An agent that needs read-only access to two tables in public:

// 1. Inspect the envelope — which roles auto-approve, the schema ceiling, write gating.
supabase_describe_scope({ project_ref: "abcdefghijklmnopqrst" })

// 2. Dry-run.
supabase_preview_request({
  project_ref: "abcdefghijklmnopqrst",
  role: "authenticated",
  allowed_schemas: ["public"],
  allowed_tables: ["public.agents", "public.runs"], // optional — absent = all tables in allowed_schemas
  read_only: true,
  ttl_seconds: 900
})
// → { "would": "auto_approve", "reason": null }

// 3. Mint.
supabase_request_access({
  project_ref: "abcdefghijklmnopqrst",
  role: "authenticated",
  allowed_schemas: ["public"],
  allowed_tables: ["public.agents", "public.runs"],
  read_only: true,
  ttl_seconds: 900,
  reason: "read the agents + runs tables to answer the user's status question"
})
// → { "grant_id": "...", "status": "active", "expires_at": "..." }
//    `service_role` or write access (read_only:false, unless the project allows writes)
//    returns "pending" instead and pages a human approver.

// 4. Learn your scope (recommended - also tells you if server-side SQL is enrolled).
supabase_describe({ grant_id: "..." })
// → { role, allowed_schemas, allowed_tables, read_only, sql_query: { available, ... } }

// 5. Query.

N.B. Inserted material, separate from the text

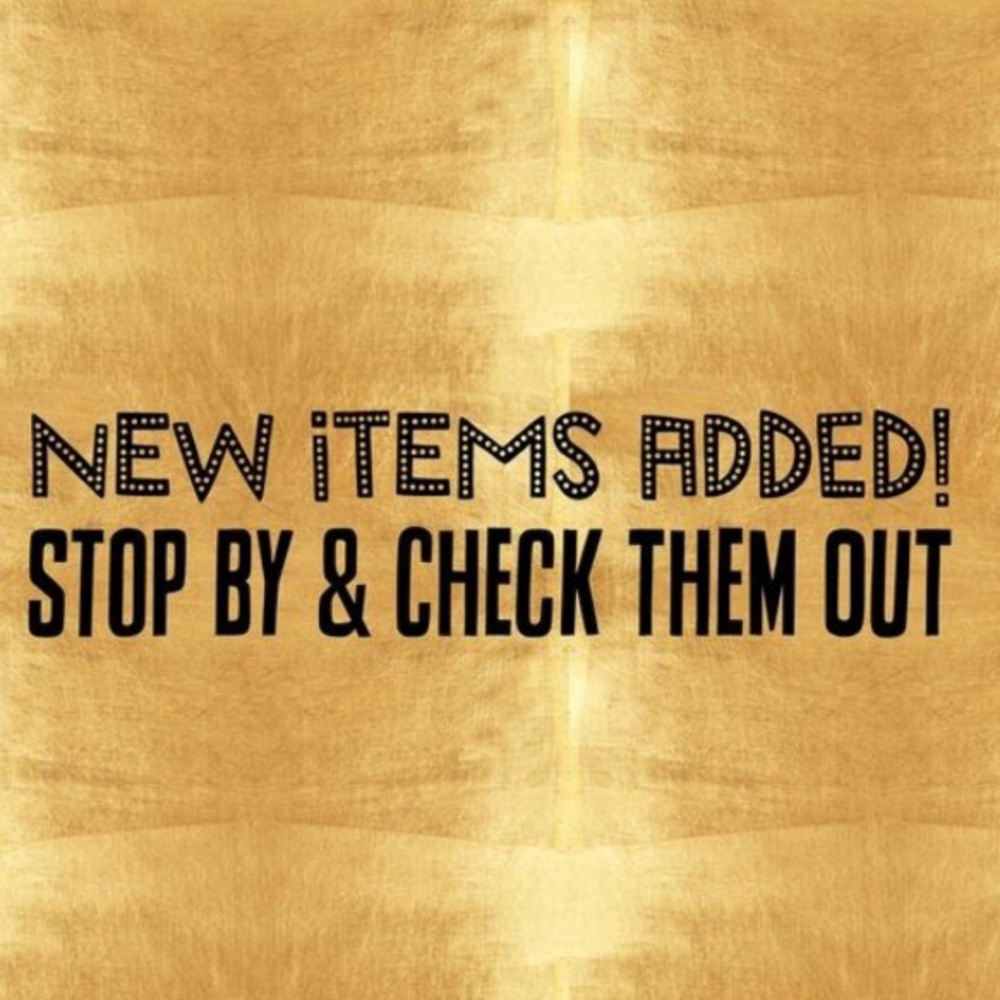 New Items Added Sign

You hold NO credential - the broker runs the call server-side and injects the key.
//    REST (primary, read + write):
supabase_rest({ grant_id: "...", method: "GET", path: "agents?select=*&limit=10" })
// → { ok: true, status: 200, body: [ ... ] }
//    Read-only SQL (system tables / joins REST can't express; needs a DB connection string enrolled):
supabase_query({ grant_id: "...", sql: "select count(*) from runs" })
// → { ok: true, rows: [{ count: 42 }], row_count: 1 }
//    Both return { ok: false, error_code } on a denial - branch on error_code, don't treat it as a tool failure.

// 6. (Optional) release early.
supabase_release_access({ grant_id: "..." })

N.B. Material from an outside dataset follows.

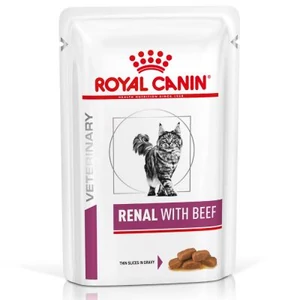 Royal Canin macskatáp nedves Renal Beef 85g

With the proxy tools the grant's scope (allowed_tables / read_only) is enforced at the broker - read-only grants reject writes, calls outside allowed_tables are denied, and rpc/ is blocked - independent of RLS. (For the legacy supabase_get_credentials JWT path, scope instead rides the JWT's augmented claim and is only enforced if the project's RLS policies read it - see the enrollment runbook for those policy patterns.) Same pending / direct-chat-push resolution semantics as AWS.

Running locally

pnpm --filter @integrity-labs/cloud-broker build
AGT_HOST=http://api.agt.localhost:1355 \
AGT_AGENT_ID=<your-agent-uuid> \
AGT_RUN_ID=<your-run-uuid> \
AGT_TOKEN=$YOUR_JWT \
node packages/cloud-broker/dist/index.js

The server speaks MCP over stdio. Wire it into your runtime adapter's .mcp.json — the toolkit ID is cloud-broker (registered in packages/supabase/seeds/toolkit-definitions.json).

Notes

  • The MCP response strips inline credentials from aws_request_access — only the secret_ref pointer reaches the LLM. The runtime adapter resolves the pointer at AWS-SDK call time (or via aws_get_credentials) so credentials never enter the agent's transcript.
  • Per PRD §6.3 v1 ships TTL-bounded revocation only. aws_release_access marks the grant revoked in the broker DB and tears down the secret_ref, but in-flight STS sessions remain valid in AWS until their TTL. v1.1 closes that gap with the aws:TokenIssueTime hard-revoke pattern.
  • 0.6.0 hard-renamed the tools to the aws_* namespace (ENG-4782). Agents on cloud-broker ≤ 0.5.0 will see "tool not found" errors from the broker until they're re-provisioned with the new tool names. Re-run agt agent provision for any agent that has the cloud-broker MCP wired in.